Les agences d’emploi temporaire proposent un accompagnement personnalisé et maîtrisent toute la chaîne de valeur des ressources humaines, de l’accompagnement des candidats à la formation jusqu’au recrutement. Les deux catégories de candidats qui rencontrent des difficultés d’employabilité en France sont les jeunes peu qualifiés et les seniors de plus de 55 ans. Pour le gouvernement, l’enjeu est d’insérer les jeunes sur le marché du travail et d’augmenter le taux d’emploi des seniors, en éliminant les préjugés et en favorisant un changement de comportement des entreprises à leur égard.
L’intérim peut jouer un rôle de facilitateur, car les entreprises font confiance aux agences d’emploi temporaire pour identifier les compétences, ce qui peut ouvrir la voie à l’embauche de seniors. De plus, la rémunération en intérim est fondée sur l’égalité de traitement.
Dans ce contexte, le CDII offre une option sécurisée pour les seniors. Il permet de répondre à leurs préoccupations afin de prolonger leur activité. C’est pourquoi Prism’emploi suggère de mettre en place un soutien spécifique à l’emploi des seniors dans le cadre du CDI intérimaire. Cela se matérialiserait par une aide financière, associée à la garantie d’un CDII. Pour Prism’emploi, cet investissement serait avantageux pour les pouvoirs publics, car il se substituerait aux minima sociaux et générerait des cotisations sociales. À ce titre, nous estimons qu’1 euro investi générerait 4 euros de retour sur investissement.
Le délai de carence :
un obstacle contre-productif à l’emploi intérimaire
Le délai de carence, dispositif en vigueur depuis les années 80, suscite depuis longtemps des débats. Ce dispositif impose une période d’inactivité d’un tiers de la durée de la mission après deux renouvellements de contrat sur le même poste. À l’origine, cette règlementation avait pour objectif d’éviter la substitution des emplois durables par des contrats courts. Cependant, il s’avère aujourd’hui totalement contreproductif.

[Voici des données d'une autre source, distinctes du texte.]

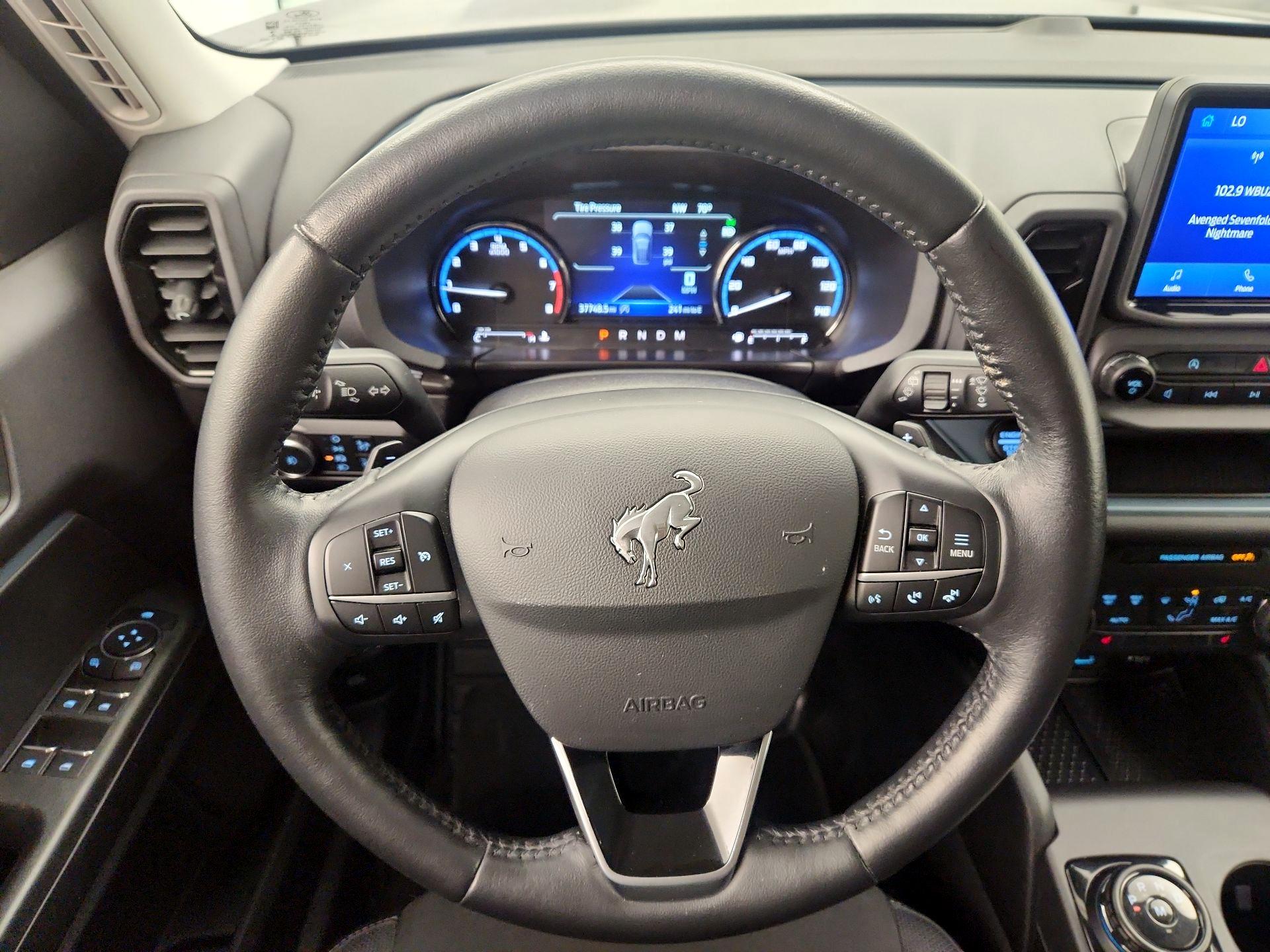 Thumbnail: 2022 Ford Bronco Sport - 10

De nombreuses entreprises, notamment dans l’industrie, éprouvent des difficultés à renouveler des contrats de travail temporaire en raison de l’absence de visibilité sur leurs carnets de commandes à long terme. Elles peuvent avoir des commandes confirmées pour les 15 prochains jours, mais ne sont pas en mesure de prévoir l’avenir à plus long terme. Ces entreprises souhaiteraient parfois renouveler des contrats auprès de salariés ayant fait leur preuve, mais elles se heurtent au délai de carence. Ainsi, les travailleurs temporaires sont contraints de s’inscrire au chômage, alors même que l’entreprise souhaiterait continuer à travailler avec eux en raison de la demande et des compétences développées.

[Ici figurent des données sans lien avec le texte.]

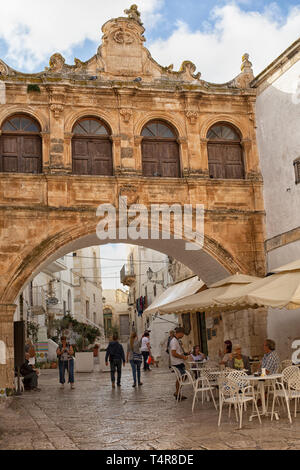 Arco Scoppa von Ostuni, die weiße Stadt, Apulien. Die Scoppa arch von Bishop's Palace vor der Kathedrale. Ostuni, Apulien, Italien Stockfoto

Prism’emploi plaide en faveur de l’aménagement du délai de carence. Nous souhaitons abandonner ce principe tout en maintenant la durée maximale d’emploi temporaire actuelle. Autrement dit, un intérimaire, dans le cadre de la durée maximale en intérim, serait libre de renouveler son contrat.
Le numérique :
un outil essentiel pour les agences d’emploi
Le numérique occupe aujourd’hui une place importante dans le fonctionnement des agences d’emploi. Nombre d’entre elles adoptent une approche dite « phygitale », combinant une agence physique avec des outils de dématérialisation. Cette transition digitale offre des gains de productivité considérables dans la relation avec les intérimaires et les clients.
Grâce à la dématérialisation, les agences peuvent accélérer les échanges avec les intérimaires et les clients, notamment sur le volet administratif. Cette digitalisation permet également de répondre aux besoins des candidats jeunes qui préfèrent souvent utiliser leur smartphone plutôt que de répondre à une annonce. Cependant, il est essentiel que les agences conservent un réseau physique, car de nombreux candidats ont besoin ou souhaitent un accompagnement personnalisé.
Le contact humain reste irremplaçable pour instaurer la confiance, écouter attentivement les attentes et besoins des candidats, orienter un parcours professionnel, réussir un recrutement. Le cœur du métier des agences d’emploi reste celui des ressources humaines.
L’Intelligence Artificielle (IA) dans le travail temporaire : une complémentarité et une évolution des compétences
Dans les pays avancés, l’IA devient progressivement une réalité quotidienne et naturellement elle sera amenée à jouer un rôle croissant dans le travail temporaire. Elle influencera à la fois l’évolution des métiers des intérimaires et aussi les processus de recrutement mis en œuvre par les salariés des agences.
Grâce à la dématérialisation, les agences peuvent accélérer les échanges avec les intérimaires et les clients, notamment sur le volet administratif. Cette digitalisation permet également de répondre aux besoins des candidats jeunes qui préfèrent souvent utiliser leur smartphone plutôt que de répondre à une annonce. Cependant, il est essentiel que les agences conservent un réseau physique, car de nombreux candidats ont besoin ou souhaitent un accompagnement personnalisé.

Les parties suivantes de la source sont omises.